Tuesday, January 18, 2011

Yes, we have no bananas...we've got a lover-ley bunch of coconuts....'ave a banana,

We FINALLY have an answer.
Do you know how fecking relieved we feel to have an answer, a label, a name, an actual diagnosis, instead of that vague "maybe hormones, maybe teen angst" blah blah tossed to us like crumbs?
Do you know how abso-fecking-lutely lighter our shoulders feel, knowing we did nothing, nothing at all to cause these problems?
Oh, it doesn't matter that I know I didn't drink or do drugs or live a wild life or anything while pregnant, and his father has often asked if he did something wrong or could or should have done something to make things different.
We are his parents, it is always at the backs of our minds (no matter how many others are diagnosed with Autism) that we must have done something or should have done something different or put our shirts on in a different fashion or had bad Feng Shui in our home or ....whatever.
The answer is.....drum roll, please......
Episodic Dyscontrol Syndrome aka Intermittent Explosive Disorder.
Go on, go gurgle it.

No, I did not do crack cocaine or drink alcohol or swing from chandeliers when pregnant; I had high blood pressure, worked full-time until the placenta previa was discovered (the placenta was covering my cervix, no emergency exit that way), enough fluid retention to call off the drought and was so bored on strict bedrest that I even read the fine print on those dinky Franklin Mint offers.

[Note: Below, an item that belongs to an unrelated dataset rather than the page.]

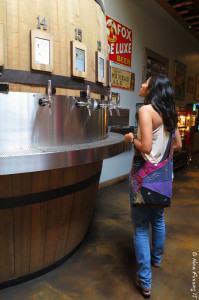 Carmen checks out the taps at Barrel Republic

And at 16 weeks I lost Aspie teen's twin.
Didn't know there were twins until after the fact, lost him/her on THE weekend all freakin' radiologists were out on strike (cos a potential miscarriage is not considered an emergency. huh) so we had to wait til Monday to discover the Aspie fetus was waving his bungee cord about still, that there was an empty sac beside him and there was another egg propped at the end of my fallopian tube waiting to get rubbed up the right way by the Spouse's swimmers.
The GP was very insistent "Please, don't have sex for awhile!"
I've followed his instructions to the letter ever since....

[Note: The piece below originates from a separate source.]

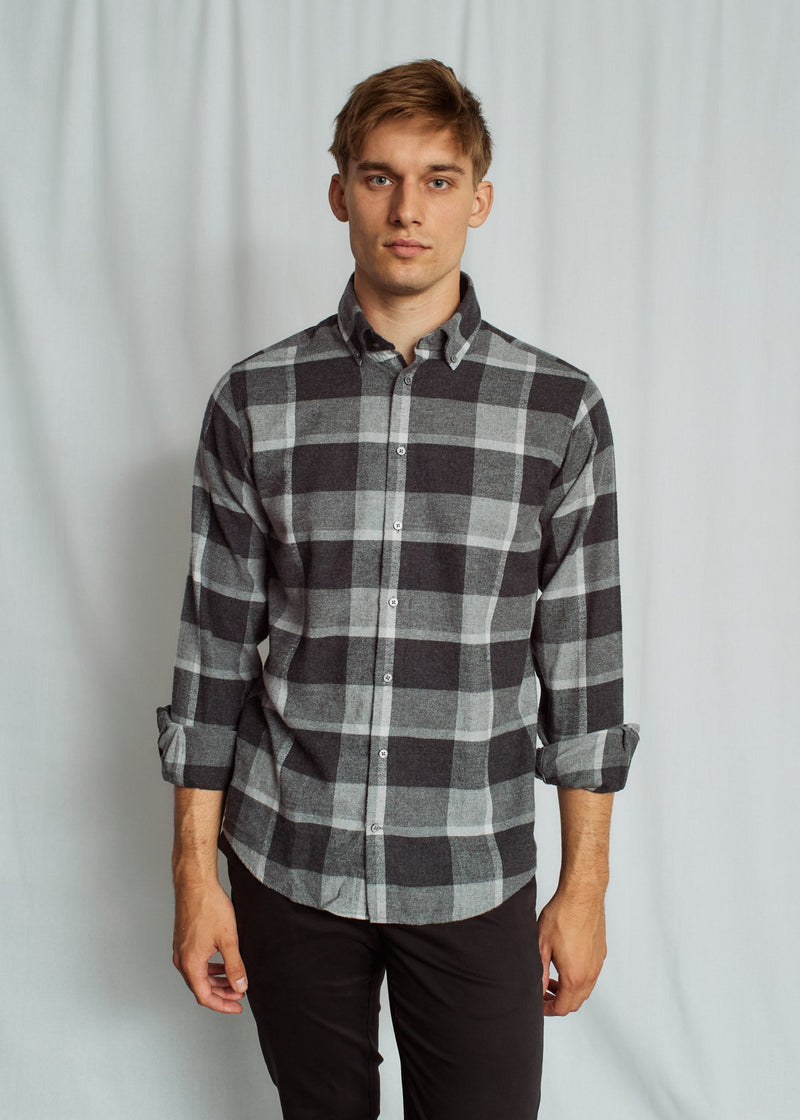 BS Varuna Casual Modern Fit Shirt - Charcoal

Anywho, the kidlet was born via caesarian, was whipped off to the neo-natal unit, yada, yada, yada, the rest is history.
So, yesterday we were told that whenever a twin dies in utero there is always some form of brain damage to the surviving twin, even if it is unable to be detected by an MRI.
Which is the most likely cause of his frontal lobe not working properly (ADHD, behaviour control, Tourette's, Autism, etc).
And the push off the trampoline 2 years ago may be the straw that broke the camels back with yet another insult to his frontal lobe, triggering the Episodic Dyscontrol.
So, we wait for the appointment for the MRI and further genetic testing (as it's been almost 10 years since our last lot of genetic tests and massive progress has been made since then).
Not that there actually is anything we can do; we can't stop it or change Aspie teen or hang him upside down from the chandelier and whistle Dixie to see if he turns into a frog.
We basically stick to the medication he's on.
And ride out the malestrom whenever it hits.
But now we know!

 *Copied and pasted from my Aspie blog, apologies for double posting to those who follow both*


  1. Far out, Jayne. But yes, at least now you know. Helluva lot of new information for me in that post of yours. Just -- wow.

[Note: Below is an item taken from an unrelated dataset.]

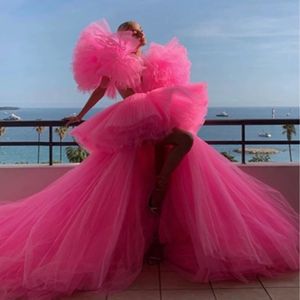 Urban Sexy Kleider Modische rosa High-Low-Tüll-Abschlussballkleider Sehr üppige Tüllärmel Sexy lange Tüll-Frauenkleider bis zum roten Teppich-Tüll-Robe 230807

  2. Mindbolowing stuff but GOOD!!!! At least you do know! Here have a coconut and a hug from the old blog troll here

  3. Hey, congratulations! Weird as that sounds ... its GREAT to have a real name for a real condition after years of being told there's nothing wrong! I know ...

    Thanx also for the disturbing mental image that will, no doubt, stay with me through the evening - of the poor lad swinging from the chandelier while parents whistle Dixie. Gold!

  4. I need to email all this to my mum so she'll know

  5. I understand the feeling guilty part. I understand your relief at having a diagnosis. Hugs from across the sea.

  6. "Knowing is half the battle". Ok so the quote came from GI Joe (popular when my boy was young and I watched what he watched) but I've always found it useful.

    Thought I heard a sigh of relief.

  7. Thanks for sharing that as now people will have some idea what to look out for in the future should they come across similar behaviour. I thought that after one too many ales under your belt you start swinging from the chandelier.

  8. Even though it makes no difference at all, it's still nice to have a diagnosis and a name to put to the condition. At the very least you have an answer for when unfeeling busybodies ask what is wrong with him if they should view a meltdown.
    I did not know that about the twin dying thing, I wouldn't have thought one dying would affect the brain of the other. Maybe with identical twins, but not fraternal.
    I like the mental image I have now of your boy still waving his bungee cord around in there.

  9. Wow Jayne... wow. You have been through a lot - and I have learned a lot during this post.


  10. Good. Good. Very good. Keep on truckin'.